Data to use Block Start

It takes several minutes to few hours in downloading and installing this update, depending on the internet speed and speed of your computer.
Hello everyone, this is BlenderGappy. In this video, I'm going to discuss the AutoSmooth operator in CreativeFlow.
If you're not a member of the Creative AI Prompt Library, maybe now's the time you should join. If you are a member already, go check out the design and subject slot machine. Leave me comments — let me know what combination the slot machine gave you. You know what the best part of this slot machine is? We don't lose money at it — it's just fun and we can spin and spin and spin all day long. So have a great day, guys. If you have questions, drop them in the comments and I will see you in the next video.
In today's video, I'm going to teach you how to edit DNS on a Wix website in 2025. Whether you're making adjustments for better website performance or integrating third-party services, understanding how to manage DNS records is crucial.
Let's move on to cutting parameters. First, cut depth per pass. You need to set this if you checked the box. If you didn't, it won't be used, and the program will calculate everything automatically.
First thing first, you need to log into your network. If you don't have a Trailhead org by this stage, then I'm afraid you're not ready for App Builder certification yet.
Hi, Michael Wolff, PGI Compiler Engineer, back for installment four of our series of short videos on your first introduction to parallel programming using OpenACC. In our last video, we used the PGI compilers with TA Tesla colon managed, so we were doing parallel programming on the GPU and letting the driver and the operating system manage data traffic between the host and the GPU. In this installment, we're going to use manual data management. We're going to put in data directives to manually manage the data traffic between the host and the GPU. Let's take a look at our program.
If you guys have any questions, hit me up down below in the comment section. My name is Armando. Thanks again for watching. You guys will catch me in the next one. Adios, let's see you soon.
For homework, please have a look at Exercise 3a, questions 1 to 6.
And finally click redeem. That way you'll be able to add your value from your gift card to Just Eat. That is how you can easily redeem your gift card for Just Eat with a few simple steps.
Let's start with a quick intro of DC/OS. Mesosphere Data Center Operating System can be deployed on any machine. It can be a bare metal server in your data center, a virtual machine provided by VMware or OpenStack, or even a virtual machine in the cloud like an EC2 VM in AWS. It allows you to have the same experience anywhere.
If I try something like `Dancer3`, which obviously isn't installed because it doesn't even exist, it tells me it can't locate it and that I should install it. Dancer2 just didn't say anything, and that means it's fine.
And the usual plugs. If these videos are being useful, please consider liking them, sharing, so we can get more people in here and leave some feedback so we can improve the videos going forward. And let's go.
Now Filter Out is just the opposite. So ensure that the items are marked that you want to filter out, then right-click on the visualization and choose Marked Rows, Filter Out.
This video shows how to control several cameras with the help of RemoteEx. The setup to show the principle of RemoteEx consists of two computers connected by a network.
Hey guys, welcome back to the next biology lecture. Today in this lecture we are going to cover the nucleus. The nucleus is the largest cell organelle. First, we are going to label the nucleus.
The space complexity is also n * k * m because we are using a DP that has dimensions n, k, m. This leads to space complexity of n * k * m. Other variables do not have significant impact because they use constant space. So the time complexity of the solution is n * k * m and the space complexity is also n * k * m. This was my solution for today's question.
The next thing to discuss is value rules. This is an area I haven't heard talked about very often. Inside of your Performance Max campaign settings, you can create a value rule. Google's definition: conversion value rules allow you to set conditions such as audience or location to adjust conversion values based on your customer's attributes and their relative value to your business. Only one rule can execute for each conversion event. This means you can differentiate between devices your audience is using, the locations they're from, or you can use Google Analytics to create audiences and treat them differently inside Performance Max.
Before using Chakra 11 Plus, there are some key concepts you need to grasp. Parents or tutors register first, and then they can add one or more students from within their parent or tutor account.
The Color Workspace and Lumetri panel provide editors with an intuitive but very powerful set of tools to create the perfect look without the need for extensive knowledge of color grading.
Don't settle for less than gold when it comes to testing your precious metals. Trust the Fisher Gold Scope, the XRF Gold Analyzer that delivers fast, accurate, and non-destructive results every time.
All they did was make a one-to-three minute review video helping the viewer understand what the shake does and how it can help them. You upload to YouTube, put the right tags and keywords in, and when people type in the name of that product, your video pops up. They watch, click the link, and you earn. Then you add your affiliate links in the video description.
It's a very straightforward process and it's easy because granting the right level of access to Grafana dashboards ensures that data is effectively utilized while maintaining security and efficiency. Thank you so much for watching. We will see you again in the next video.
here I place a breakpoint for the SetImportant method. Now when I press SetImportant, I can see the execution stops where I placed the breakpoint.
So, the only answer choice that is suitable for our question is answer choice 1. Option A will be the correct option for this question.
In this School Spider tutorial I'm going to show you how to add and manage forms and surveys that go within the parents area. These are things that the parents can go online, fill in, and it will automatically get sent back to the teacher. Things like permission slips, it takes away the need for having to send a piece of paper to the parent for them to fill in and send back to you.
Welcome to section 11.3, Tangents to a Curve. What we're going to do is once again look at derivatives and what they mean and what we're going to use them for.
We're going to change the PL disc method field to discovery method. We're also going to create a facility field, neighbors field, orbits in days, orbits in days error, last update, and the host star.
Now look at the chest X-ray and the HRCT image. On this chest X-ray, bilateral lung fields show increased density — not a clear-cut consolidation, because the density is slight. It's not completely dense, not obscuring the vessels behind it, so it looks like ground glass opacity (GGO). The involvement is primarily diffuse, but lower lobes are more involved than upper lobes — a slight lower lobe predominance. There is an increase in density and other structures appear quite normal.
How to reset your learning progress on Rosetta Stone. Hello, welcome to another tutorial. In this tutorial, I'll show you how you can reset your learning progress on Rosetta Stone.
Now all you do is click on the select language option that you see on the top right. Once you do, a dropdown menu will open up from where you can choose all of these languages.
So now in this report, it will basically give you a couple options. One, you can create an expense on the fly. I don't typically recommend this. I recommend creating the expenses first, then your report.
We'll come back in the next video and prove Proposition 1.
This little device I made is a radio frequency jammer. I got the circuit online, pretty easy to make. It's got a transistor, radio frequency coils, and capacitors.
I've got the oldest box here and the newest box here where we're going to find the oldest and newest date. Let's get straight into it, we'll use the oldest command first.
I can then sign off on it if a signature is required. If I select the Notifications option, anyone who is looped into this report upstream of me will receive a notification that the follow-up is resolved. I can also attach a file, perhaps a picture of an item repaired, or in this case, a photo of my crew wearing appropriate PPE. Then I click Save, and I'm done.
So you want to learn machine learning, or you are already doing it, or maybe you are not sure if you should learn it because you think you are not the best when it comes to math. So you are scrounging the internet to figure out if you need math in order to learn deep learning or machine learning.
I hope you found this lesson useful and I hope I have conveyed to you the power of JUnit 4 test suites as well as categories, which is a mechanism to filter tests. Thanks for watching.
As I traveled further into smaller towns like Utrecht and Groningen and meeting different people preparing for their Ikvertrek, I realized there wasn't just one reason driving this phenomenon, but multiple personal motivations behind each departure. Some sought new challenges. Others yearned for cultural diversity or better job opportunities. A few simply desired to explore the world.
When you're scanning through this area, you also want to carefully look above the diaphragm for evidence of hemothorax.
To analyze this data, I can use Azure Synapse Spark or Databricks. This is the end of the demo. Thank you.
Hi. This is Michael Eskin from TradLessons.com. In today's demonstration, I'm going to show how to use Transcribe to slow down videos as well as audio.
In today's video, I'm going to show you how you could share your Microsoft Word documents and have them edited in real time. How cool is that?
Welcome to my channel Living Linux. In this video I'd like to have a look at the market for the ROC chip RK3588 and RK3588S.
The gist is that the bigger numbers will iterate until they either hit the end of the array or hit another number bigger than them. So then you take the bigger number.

Data to use Block End

An exact, line-for-line copy is required: from the line containing "As I traveled" through the final line of the listing above, both included, with nothing else.

→ Answer
As I traveled further into smaller towns like Utrecht and Groningen and meeting different people preparing for their Ikvertrek, I realized there wasn't just one reason driving this phenomenon, but multiple personal motivations behind each departure. Some sought new challenges. Others yearned for cultural diversity or better job opportunities. A few simply desired to explore the world.
When you're scanning through this area, you also want to carefully look above the diaphragm for evidence of hemothorax.
To analyze this data, I can use Azure Synapse Spark or Databricks. This is the end of the demo. Thank you.
Hi. This is Michael Eskin from TradLessons.com. In today's demonstration, I'm going to show how to use Transcribe to slow down videos as well as audio.
In today's video, I'm going to show you how you could share your Microsoft Word documents and have them edited in real time. How cool is that?
Welcome to my channel Living Linux. In this video I'd like to have a look at the market for the ROC chip RK3588 and RK3588S.
The gist is that the bigger numbers will iterate until they either hit the end of the array or hit another number bigger than them. So then you take the bigger number.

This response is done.